If one was seriously interested in learning to play the bodhrán Ossian Publications has the most extensive catalogue and is your one stop shopping spot for bodhrán learning materials. Behind the majority of Ossian's bodhrán material is Belfast native Steaphan Hannigan. Hannigan, a multi-instrumentalist and traditional music lecturer, has written The Bodhrán Book (OMB 71) which is the definitive book on the bodhrán and is accompanied by a demo tape containing musical examples of the lessons within the book. As good as the book is it is no replacement for having someone demonstrate the intracacies of the instrument to you firsthand. With that not always possible Ossian have released two video tutors that will provide you with everything you need to put you well on your way to becoming a very competent bodhrán player.

The Introductory Video (OSV 1) deals mainly with accompanying jigs and reels which are the two most common musical forms you will encounter in traditional Celtic music.
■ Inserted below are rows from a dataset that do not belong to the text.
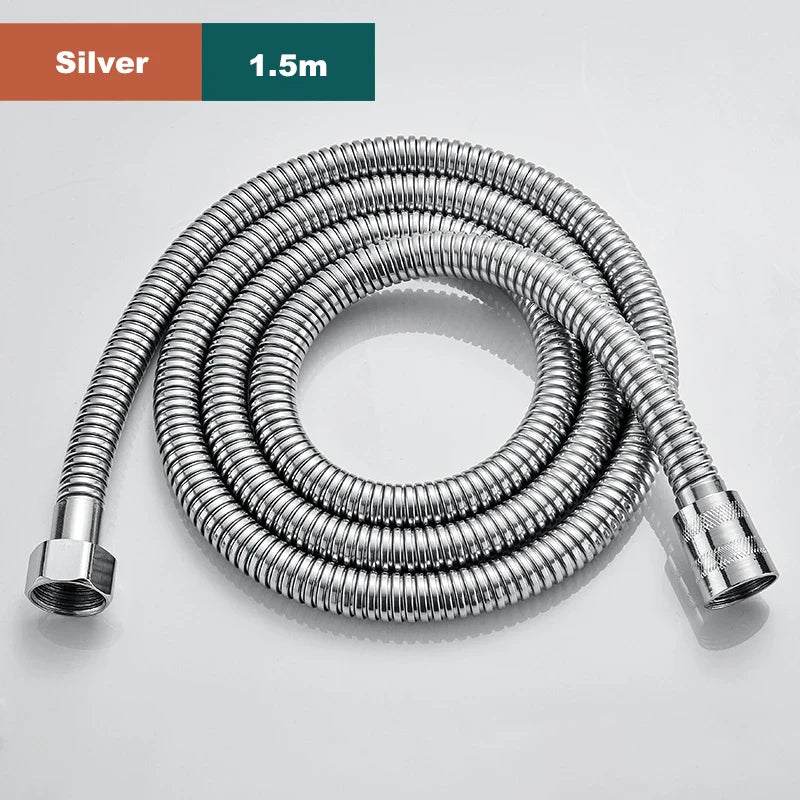 3 Modes Filter Shower Head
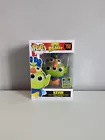 Pixar Alien Remix Kevin, SDCC Exclusive, Funko Pop! Vinyl Figure #758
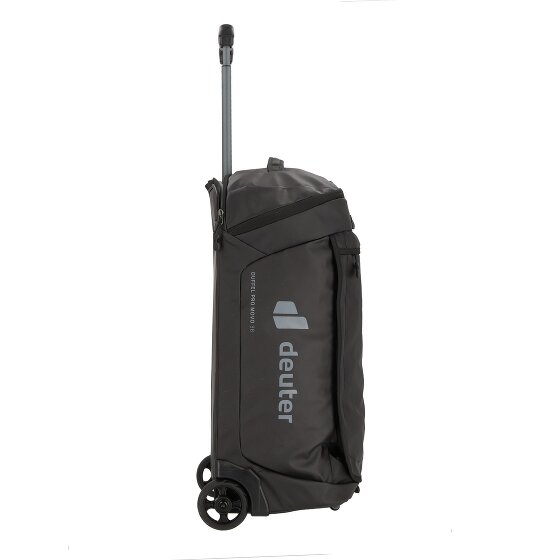 Deuter Duffel Pro Movo 36 2 roulettes Sac de voyage 52 cm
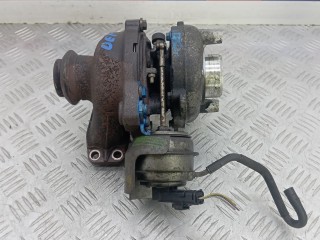 Турбина дизельная, ориг. номер 96861206806, FORD FOCUS 3 3 2011-2015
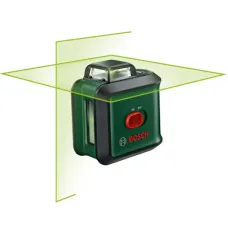 Лазерный нивелир Bosch UniversalLevel 360 Solo (0.603.663.E00)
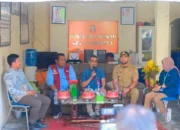 Plt Dirut PDAM Andi Syahrum: Krisis Air Tak Bisa Dijawab dengan Alasan, Harus Diselesaikan dengan Aksi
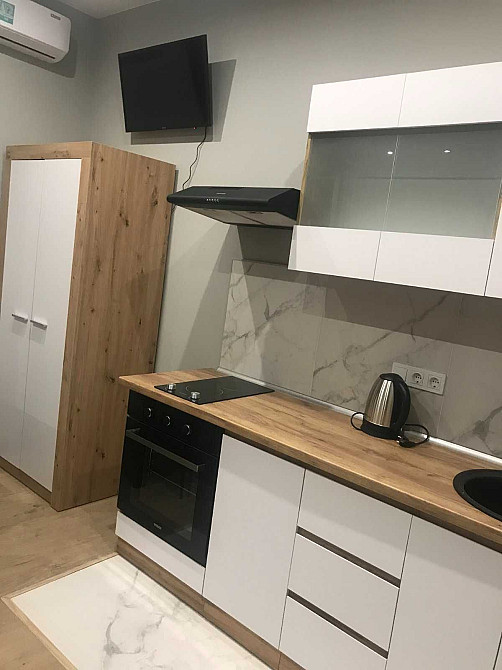 Пространство на Неделина. Ремонт, мебель ! Одеса - зображення 2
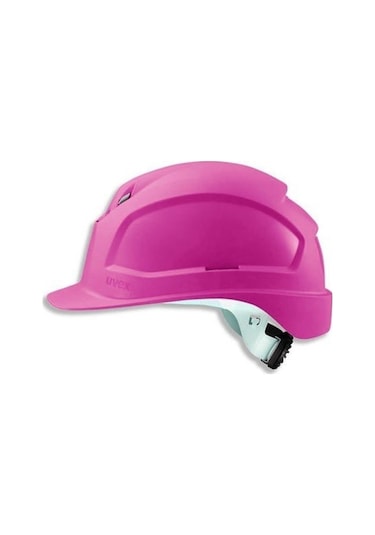 Uvex Pembe Bayan Bareti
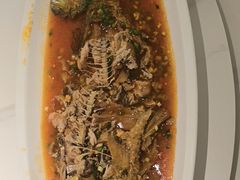 -秦月轩·陕西家乡菜(阜成路·五棵松店)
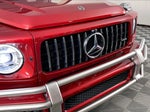 2024 G-Class Thumbnail 22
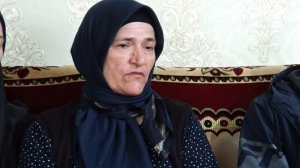 "В гостях у семьи героя" ,Пирбудаговы из с. Гертма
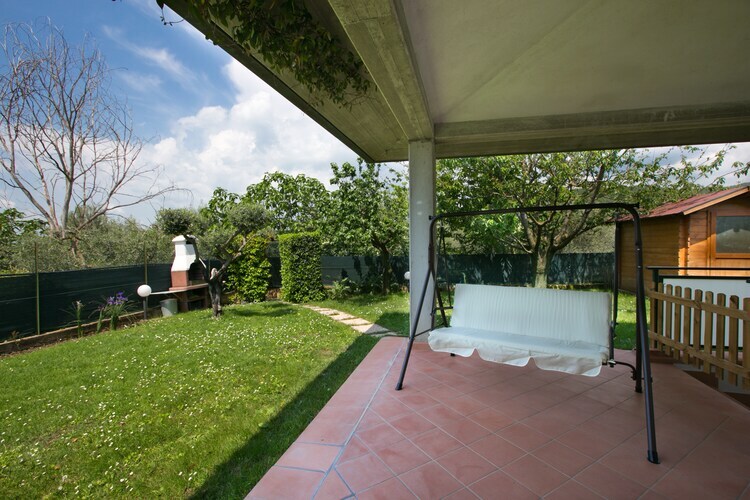 Casa di Zocco – Maison 4 pers. à 800 m du lac Trasimène - Photo 25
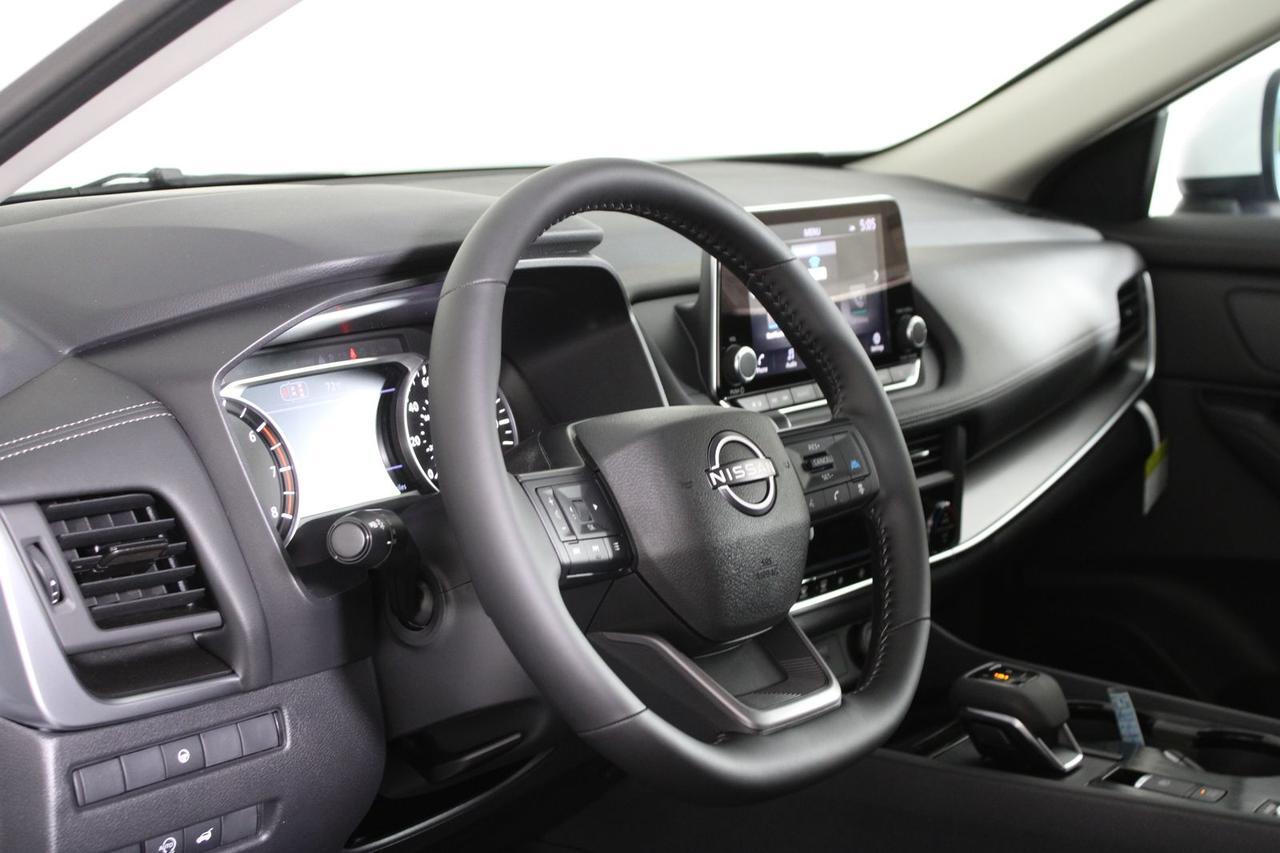 2026 Nissan Rogue SV Manassas VA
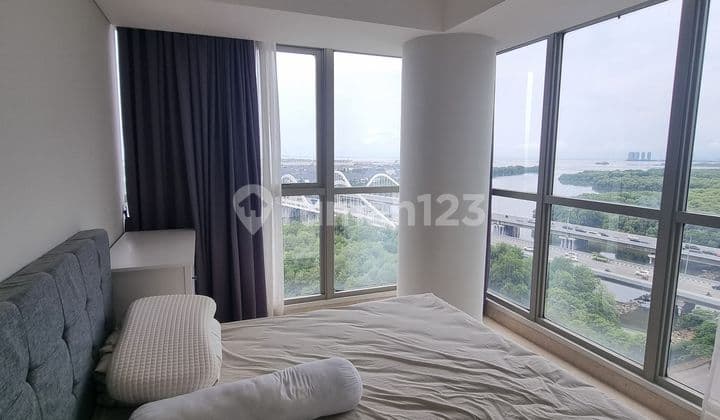 For Rent Gold Coast PIK Tower Caribbean 90m2 Apartment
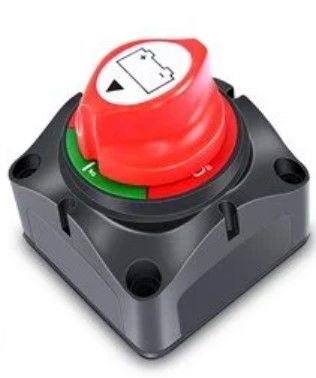 DEVRE KESİCİ MARİNE TİP 2PİN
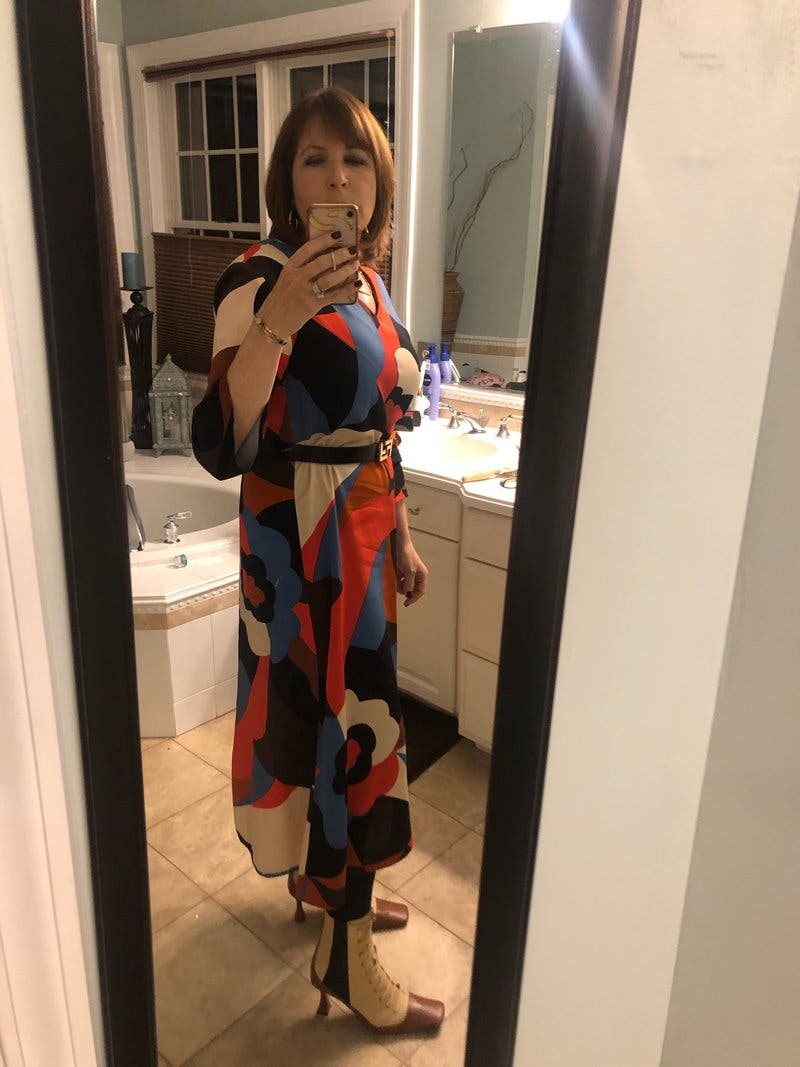Member review photo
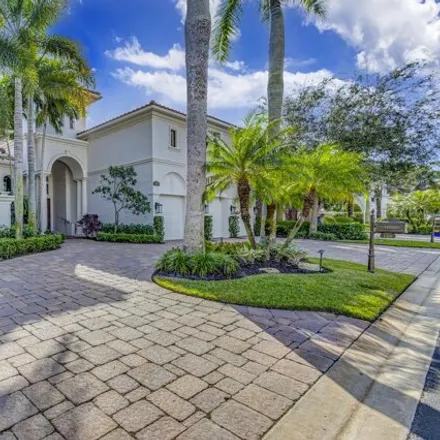 Image 5 - Country Club at Mirasol, North Jog Road, Palm Beach Gardens, FL 33418, USA - House for rent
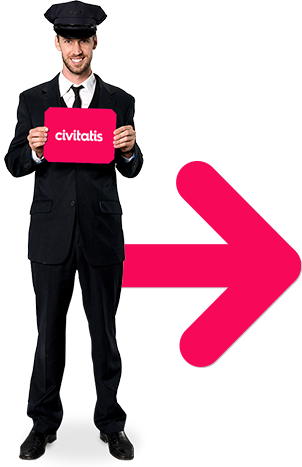 Book a transfer service in Warsaw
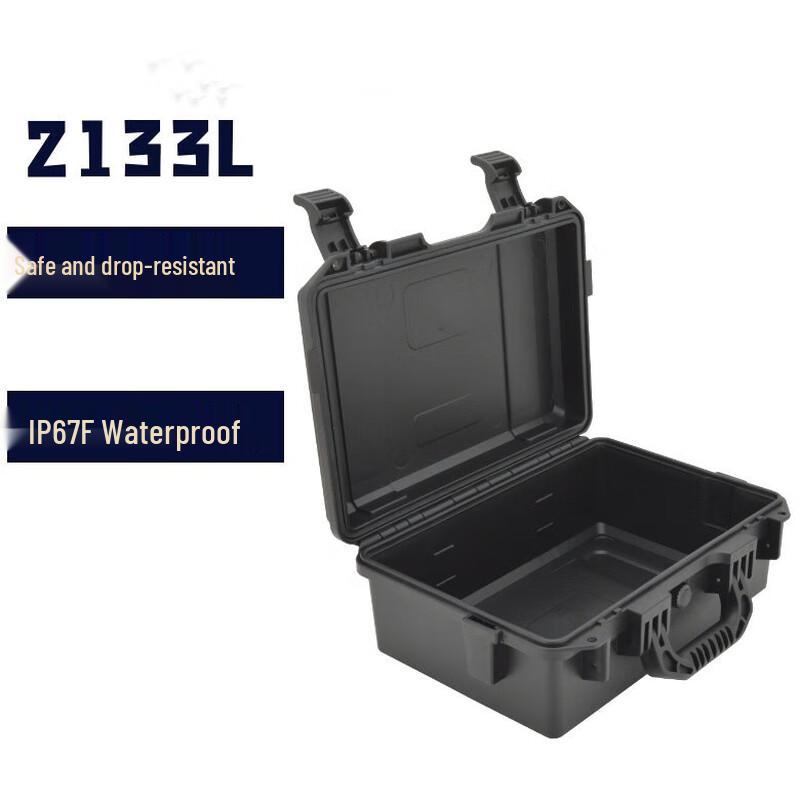 Mu Shan YF Outdoor Waterproof Protective Hard Case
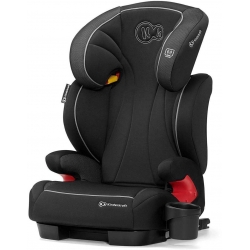 Automobilinė saugos kėdutė KINDERKRAFT UNITY isofix 15-36 kg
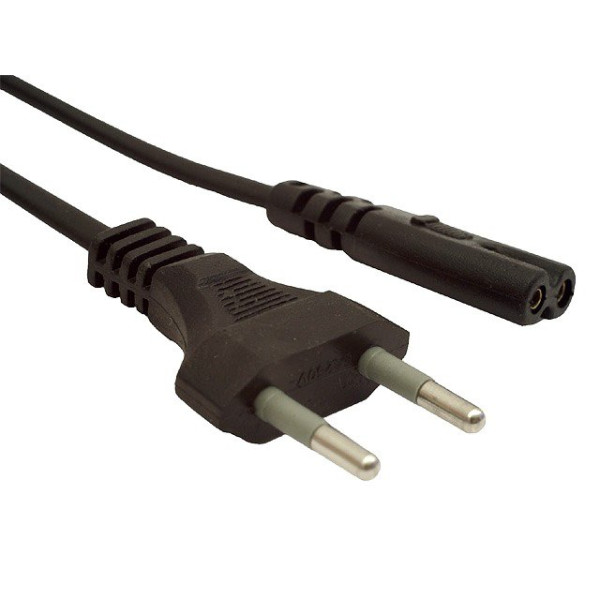 

Кабель силовой Cablexpert, CEE7/16-C7, длина 1.8 м, VDE, 2*0.75 мм кв. (PC-184-VDE)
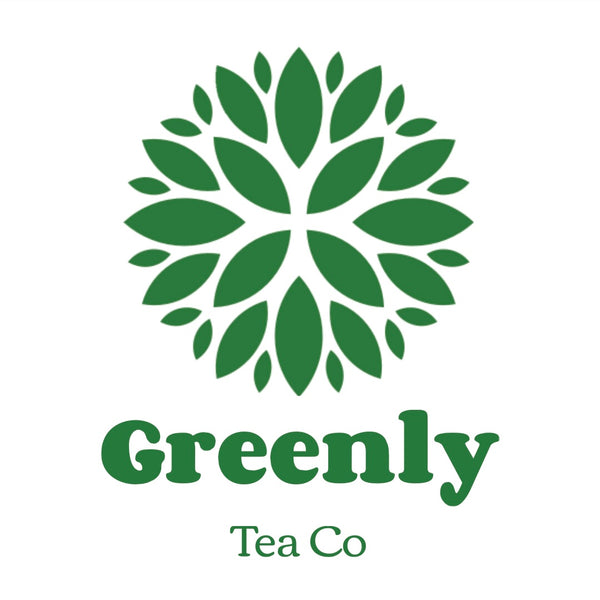 Greenly Tea Company 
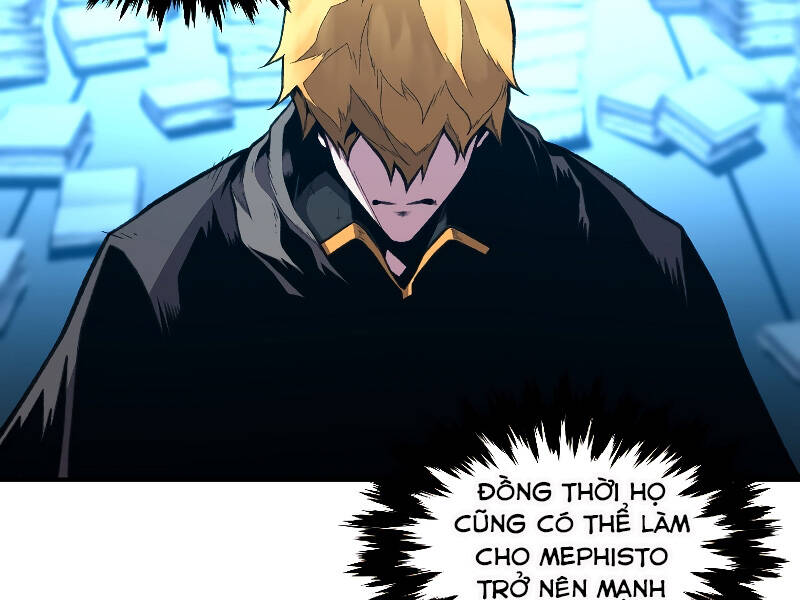 Thiên Tài Ma Pháp Sư Giấu Nghề - Chương 25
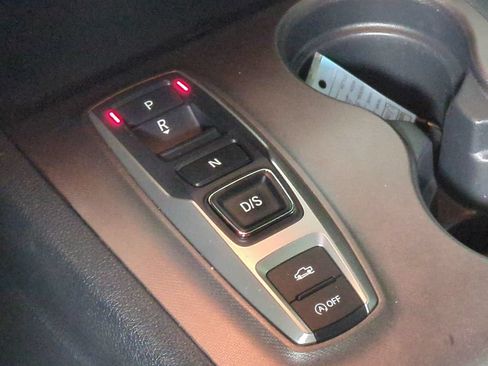 Used 2021 Honda Ridgeline Sport image 20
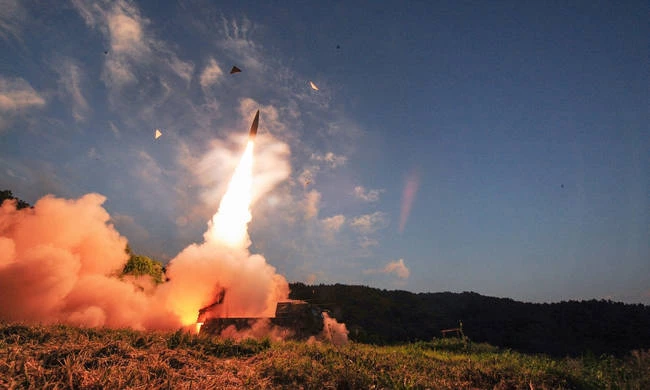 Δραματικές εξελίξεις: Μήνυμα πολέμου από τη Βόρεια Κορέα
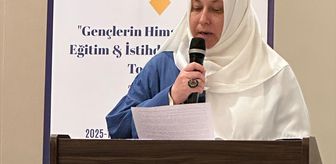 'Devlet himayesindeki' gençlere yönelik düzenlenen çalıştay tamamlandı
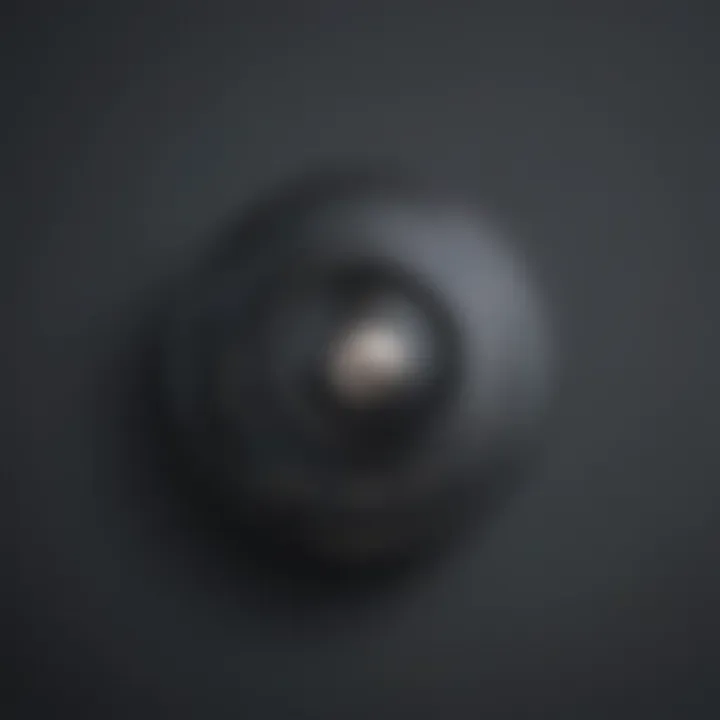 Privacy Lock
Hannigan takes little for granted and provides the begginer with all the tools they will need to master the instrument. In discussing how to accompany jigs and reels close ups and split screen views are utilized making it much easier for the student to get an idea of exactly what Hannigan is doing. One of the hardest techniques to master on the bodhrán is the triplet yet with Hannigan's example I am sure most will be able to pick it up in no time (I did!). One of the most important aspects of bodhrán playing is that of dynamics. Most dynamics in bodhrán playing are provided by utilizing the left hand to alter the skin tension. The section on left hand techniques is very valuable to a player of any level as is his section on rim playing. There is enough to keep you busy on this video for quite a while and is well worth the investment.

The Advanced Bodhrán Video (OSV 2) deals with some of the more uncommon traditional music rythm's such as the slip jig, slide, polka, march, and mazurka. Hannigan is part of a new breed of bodhrán players utilizing many different world beat rhythms in his playing style and he shares many of them on this advanced video. Check out how well Irish tunes meld with rap, African, and other eastern European rhythms. His care and maintenance section is very beneficial and contains information every bodhrán player should be aware off. With a little practice and guidance from a master like Hannigan the bodhrán should become like putty in your hands. All the bodhrán publications from Ossian are highly recomended and can be obtained directly from Ossian Publications Ltd., P.O. Box 84, Cork, Ireland.

If you are interested in obtaining a bodhrán ask around or check The Bodhrán Page on the world wide web. There are bodhrán makers like Neil O'Grady and Paddy Mackey in Newfoundland as well as Malachy Kearns and Charlie Byrne in Ireland who specialize in bodhráns and make high quality instruments at a reasonable price for an instrument that will last a lifetime if properly made. Happy beating!!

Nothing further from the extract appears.